Martes de la cuarta semana

"Señor, escucha mi voz
que te grito, ten piedad de mí, respóndeme".
(Sal 26, 7)








Dios escucha al pecador que se reconoce como tal

Ignoro qué puede turbar en las palabras de aquel ciego, y tal vez a algunos que no las entienden les haga perder la esperanza. En efecto, el mismo al que se restituyó la vista, dice entre otras cosas: Nosotros sabemos que Dios no escucha a los pecadores (Jn 9,31). ¿Qué hacemos, si Dios no escucha a los pecadores? ¿Osaremos suplicar a Dios, si no escucha a los pecadores? Presentadme uno que suplique: ved que hay quien le escuche. Tráeme a aquel publicano. Acércate, publicano, acércate, ponte en el medio, muestra tu esperanza a fin de que no pierdan la esperanza los débiles. He aquí que un publicano subió con un fariseo a orar, y, con el rostro mirando al suelo, manteniéndose de pie a distancia y golpeándose el pecho, decía: ¡Señor!, ten compasión de mí, que soy pecador. Y descendió del templo hecho justo él, y no el fariseo (Lc 18,10ss.). El que dijo: ten compasión de mí, que soy pecador, ¿dijo algo verdadero o algo falso? Si dijo verdad, era pecador, y fue escuchado y fue hecho justo. Entonces, ¿qué significa lo que dijiste tú, a quien el Señor abrió los ojos, esto es: Sabemos que Dios no escucha a los pecadores? Ya estás viendo que los escucha. Pero lava tu faz interior; tenga lugar en tu corazón lo que tuvo lugar en tu cara, y verás que Dios escucha a los pecadores. Te engañó tu corazón, llevado por la fantasía. El Señor aún tiene algo que hacer en ti. Ciertamente el ciego fue excluido de la sinagoga; llegó a oídos del Señor, se acercó a él y le dijo: «¿Crees en el Hijo de Dios?»17 A lo que replicó él: —«¿Quién es, Señor, para que yo crea en él?» Veía y no veía; veía con los ojos, pero aún no en su corazón. El Señor le dice: «Le estás viendo —entiéndase con los ojos—; el que está hablando contigo, ése es». Entonces, postrándose, le adoró (Jn 0,35-38). Entonces le lavó la faz de su corazón.

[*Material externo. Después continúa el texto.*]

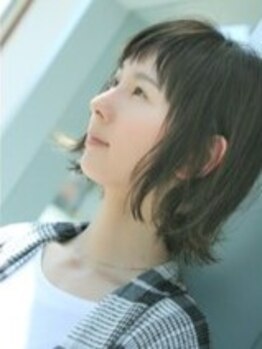 フィーブル(FEEBLE)の写真/30・40代からの髪悩みもお任せ。髪質を見極めたカットと厳選薬剤で、乾かすだけで決まる上品スタイルへ。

Aplicaos, pues, ¡oh pecadores!, a la oración; confesad vuestros pecados; orad para que desaparezcan, orad para que disminuyan, orad para que, yendo vosotros a más, vayan ellos a menos; en todo caso, no perdáis la esperanza y, aun siendo pecadores, orad. Pues ¿quién no ha pecado? Empieza por los sacerdotes. A los sacerdotes se les dijo: Ofreced primero sacrificios por vuestros pecados, luego por el pueblo (Lev 16,6). Los sacrificios dejaban a los sacerdotes convictos de pecado, de modo que si alguno sostenía ser justo y carecer de pecado, se le respondía: «No me fijo en lo que dices sino en lo que haces; tu víctima te deja convicto: ¿por qué la ofreces por tus pecados, si no tienes ninguno? ¿O acaso mientes a Dios hasta en el sacrificio?» —«Pero tal vez eran pecadores los sacerdotes del antiguo pueblo, pero no los del nuevo». Sin duda, hermanos, porque Dios lo quiso soy sacerdote suyo, soy pecador, con vosotros me golpeo el pecho, con vosotros pido perdón, con vosotros espero tener a Dios propicio. —«Pero, tal vez los apóstoles santos, los primeros y supremos carneros del rebaño, los pastores miembros del Pastor, tal vez ellos no tenían pecado». A la verdad, también ellos lo tenían; ¡claro que lo tenían!; no les molesta que lo diga, pues ellos mismos lo confiesan. Personalmente no me atrevería a decirlo. En primer lugar, escucha al mismo Señor que dice a los apóstoles: Orad así. Igual que a los sacerdotes antiguos los dejaban convictos los sacrificios, así a estos su oración. Orad así. Y entre las otras cosas que les mandó pedir, incluyó también esta: Perdónanos nuestras deudas, como también nosotros perdonamos a nuestros deudores (Mt 6,9.12). ¿Qué dicen los apóstoles? A diario piden se les perdonen sus deudas. Entran deudores, salen absueltos, y vuelven de nuevo a la oración con deudas. Esta vida no está exenta de pecado, de modo que cuantas veces se ora, tantas otras se perdonan los pecados.